2年ほど前、身体の不調で晒し作業ができなくなるかもしれないと沈んだ宮崎さんからの電話を受け、葛の泥実(葛を晒した水)で仕込む葛石鹸はつくれなくなるかもと話しあっていた頃、突然、宮崎さんからの明るい声の電話。

「葛工房の継ぎ手が決まりました。これからも泥実を提供できます!」


◆縁が生まれる時節

小屋さんは黒滝村から車で数十分ほど上手にある天川村洞川の出身。お母さん
が洞川で宮崎さんの葛を使い、胡麻豆腐を手作りで製造販売している縁から葛工房を継ぐ話が持ち上がった。

「ほんと、縁なんです。

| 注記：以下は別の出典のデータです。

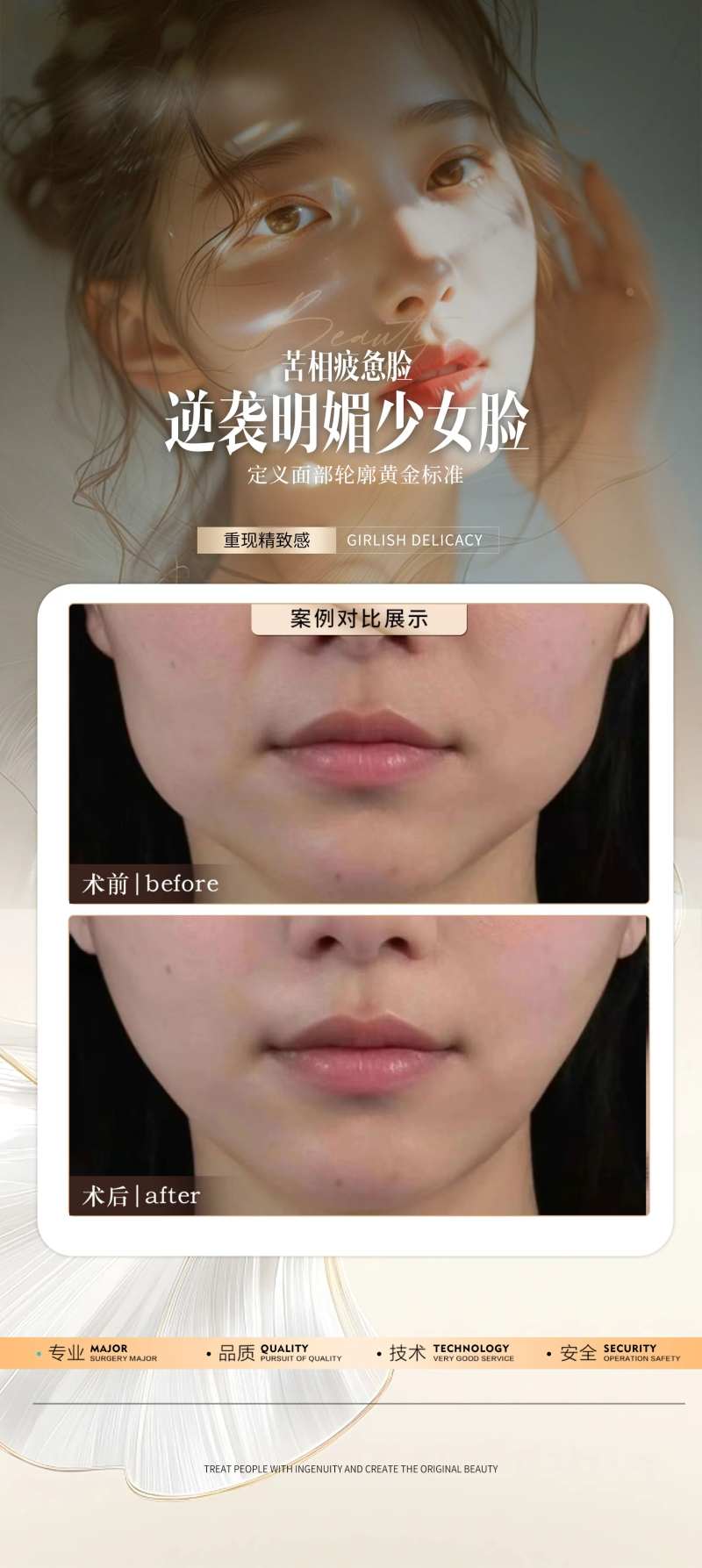 医美外轮廓案例海报-采灵感-cailinggan.com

宮崎さんがほぼ一人で手作りした工房や道具をそのまま引き継がせてもらって、葛をつくる技術も販路もすべて継がせてもらって本当に感謝してるんです。」


工房を引き継いだのは一年半ほど前。工房名は、芳山(ほうざん)と名づけた。

まだまだ、宮崎さんに見守られながらの作業だけど、今は葛をつくる作業すべてが新鮮だし、どれも愉しいという。でも、人の口に入るものだし不安はある。

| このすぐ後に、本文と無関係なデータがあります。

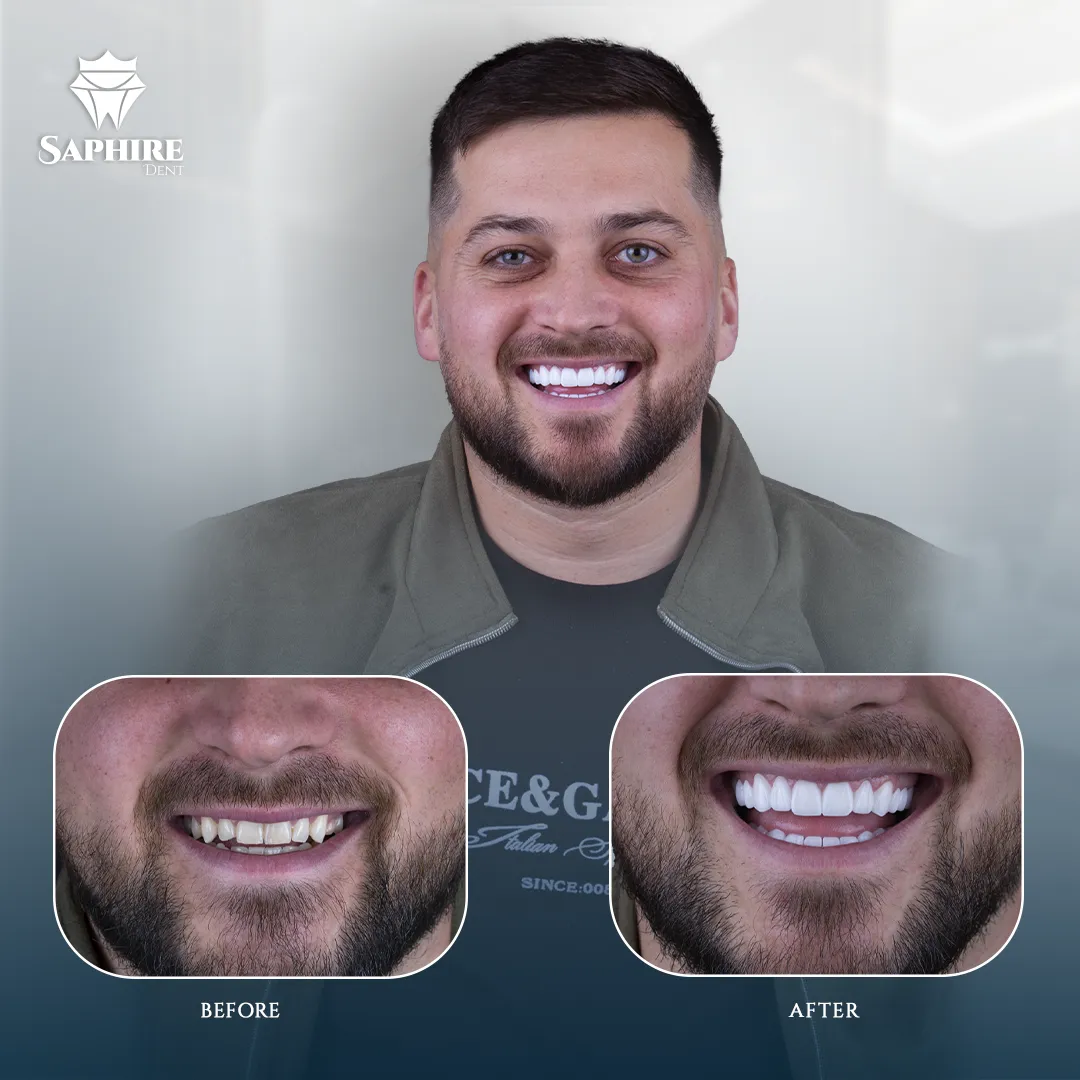 Before & After - Single Tooth Implant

「ときどき夢にみるんですよ。小屋くん、葛が固まらんよ、というお客さんからのクレームの電話とか。」



奈良県内でも全国的にも国産葛のみで手づくりしている葛工房はほとんどない。

値段の安い中国産や韓国産を使ったり、葛に混ぜる甘藷(さつまいも)の粉の量を増やしたりしている所が多いし、寒いわ匂いもきついわの重労働から、手作りで葛をつくろうなどという葛職人がいない。


吉野葛は本葛が6割以上、甘藷が4割以下と定義されているが、小屋さんの作る吉野葛は本葛の割合がさらに多くなるようにしている。



◆手は伝える

「だから、うちの葛は腰が強いでしょ。宮崎さんがつくりあげた味や技、なにより信用を落としたくないので。」

葛職人の手技と味がひとつ引き継がれ、守られたことがうれしい。

若き職人の誕生に出会えたことがうれしい。


そして、この春も葛櫻を仕込むことができたことがうれしい。